The Classroom Troubleshooter

Description

96 pages
Contains Bibliography, Index
$18.95
ISBN 1-55138-162-1
DDC 372.13

Author

Year

2003

Contributor

Reviewed by Luke Lawson

Luke Lawson is a teacher and administrator in Vancouver, B.C.

Review

Most teachers complain about the excessive amount of work that must be
completed in and out of the classroom.

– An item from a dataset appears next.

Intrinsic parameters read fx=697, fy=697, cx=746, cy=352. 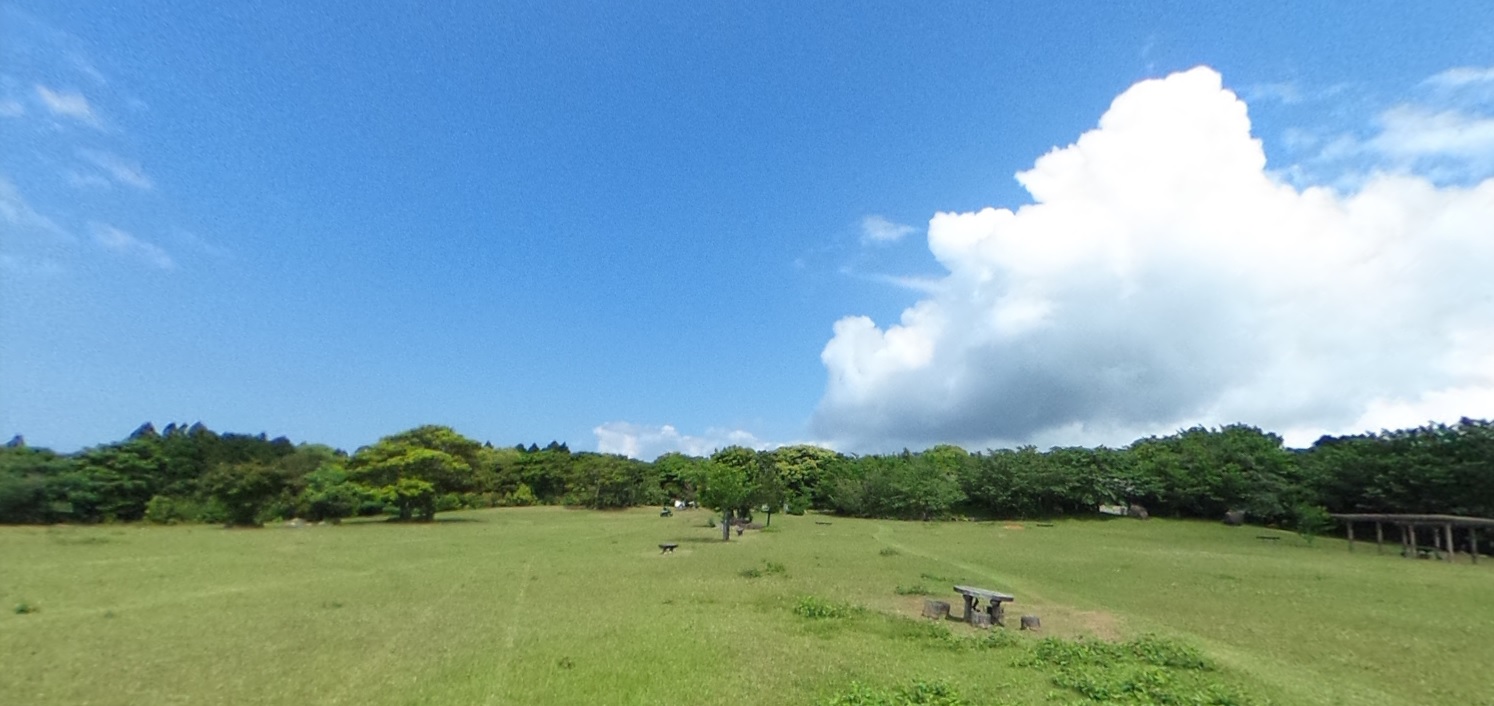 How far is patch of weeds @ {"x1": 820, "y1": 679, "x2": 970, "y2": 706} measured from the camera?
333 inches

This brief and rather disjointed
book provides teachers with worksheets and strategies for dealing with
“the paper chase,” discipline, evaluation, the learning and language
dilemma, and reflection.

The author makes some valid points (e.g., detentions are a waste of
time, and teachers should instead sit down and talk with the offending
students), but he is off the mark on others, as when he suggests that
“the only place students don’t feel pressure about grades is within
their peer group; from the perspective of the peer group, everyone is in
same boat and it’s everyone against the system.” This is simply not
true. Students do compete with each other, especially in high school,
when scholarships, rankings, post-secondary options, honour rolls, and
recruitments are often on the table.

Teachers new to the profession may find the strategies a good starting
place, but most experienced teachers should have effective systems
already in place. This reviewer has been in the profession for 13 years
and found many of the suggestions rather elementary and simplistic (they
were dealt with in teacher education). Simply put, teachers need to
understand that there are 60- to 70-hour work weeks (and, for that very
reason, as many as 12 weeks of holiday per annum); if they are not
prepared to deal with all the demands, they should find another job.